Some researchers identify distinct classes for dry and wet sediment (e.g. Yates et al, 1993), which is
probably a sensible thing to do when satellite imagery is being used. Hobbs and Shennan (1985) report that
even then distinction between those classes can be cumbersome.
Figure 2. The effect of a water layer on the reflectance of a sand sample from the test site.
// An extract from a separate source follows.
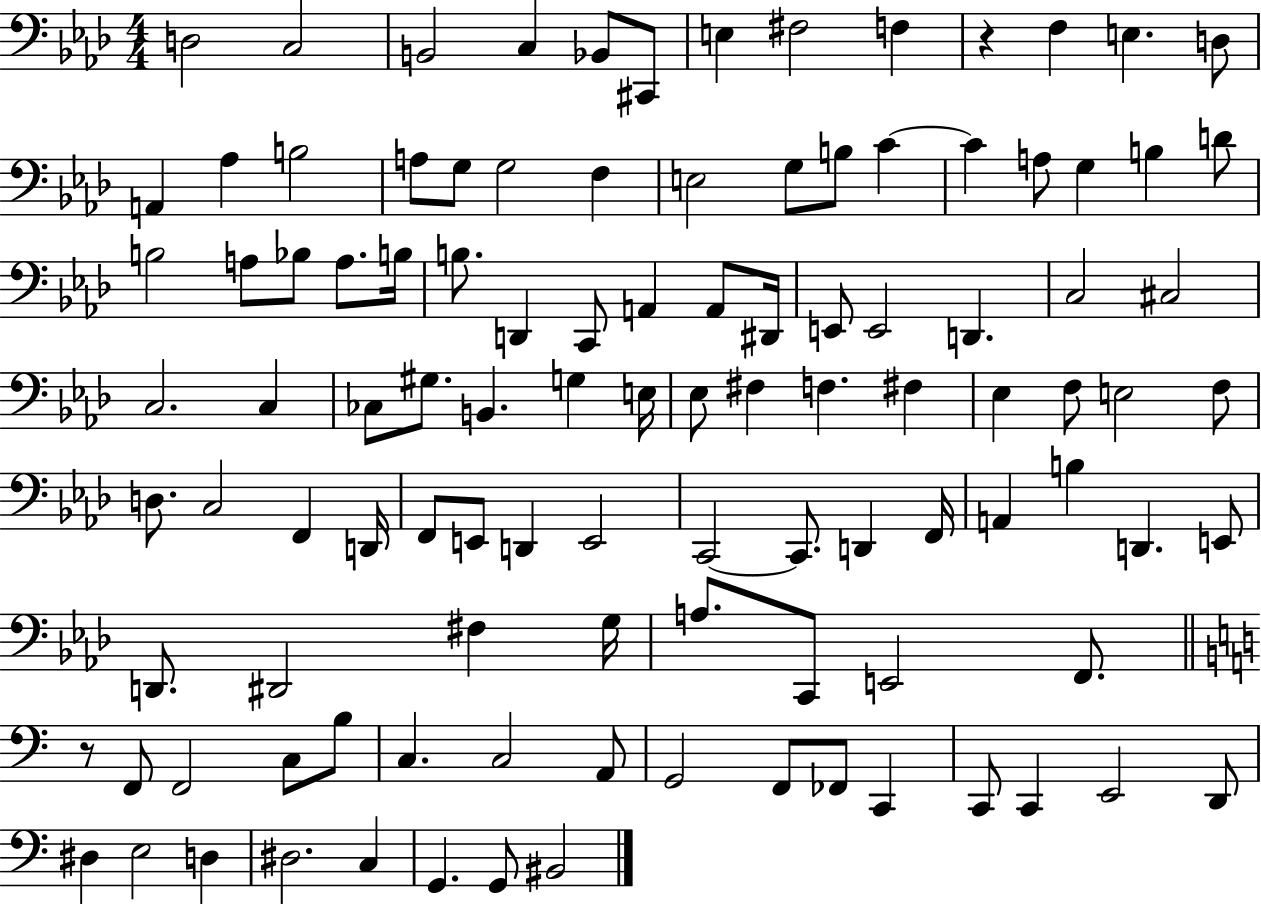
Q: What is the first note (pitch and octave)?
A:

a. Reflectance spectra of sand with and without water layer + diffemce spectrum
b. First order derivative spectra
High spectral resolution data offer the possibility of analysis of narrow spectral features. Derivative
reflectance spectroscopy is one of the techniques suited to do so. Phenomena like troughs, peaks and
shoulders can be identified more precisely on the basis of derivative analysis. Chen et al. (1992) showed the
applicability of derivative reflectance spectroscopy to estimate suspended sediment concentration. Results of
Goodin et al. (1993) show that first order and second order derivative spectra can be used to discriminate
between the effects of water, algal chlorophyll and suspended sediment. They indicate that spectral effects
caused by water can be minimized by taking the first derivative.
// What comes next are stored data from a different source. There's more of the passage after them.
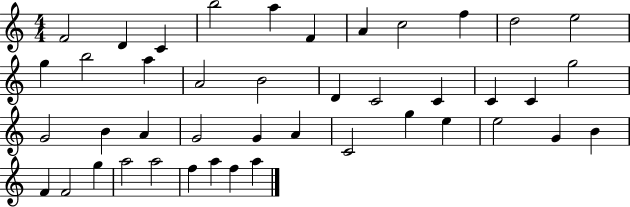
{
  \clef treble
  \numericTimeSignature
  \time 4/4
  \key c \major
  f'2 d'4 c'4 | b''2 a''4 f'4 | a'4 c''2 f''4 | d''2 e''2 | \break g''4 b''2 a''4 | a'2 b'2 | d'4 c'2 c'4 | c'4 c'4 g''2 | \break g'2 b'4 a'4 | g'2 g'4 a'4 | c'2 g''4 e''4 | e''2 g'4 b'4 | \break f'4 f'2 g''4 | a''2 a''2 | f''4 a''4 f''4 a''4 | \bar "|."
}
Of all the measured sediment reflectance curves first order derivative spectra were calculated using a 5-point
derivative calculation algorithm. First the reflectance data were ’smoothed’ by using the simple moving
average principle, which tracks noisy trends quite well but implicates that the windowed median is nt
smooth in the sense of differentiable.
3.5 Results
In figure 3 reflectance spectra of 6 sediment samples are presented. The figure includes the spectra
corresponding to the samples with minimum and maximum clay percentage. The spectral correlation of
reflectance data with clay percentage is very poor (Pearson ’s correlation coefficient N < 0.17). This is
partly caused by not taking into account the presence of water in the sediment samples.
The effect of using the derivative spectra for the analysis can be seen in in figure 4. The spectral correlation
of the first order derivatives with clay percentage of the associated sediment samples has improved (Pearson
’s correlation coefficient r amounts to -.62 for a wavelength of 627.5 nm.)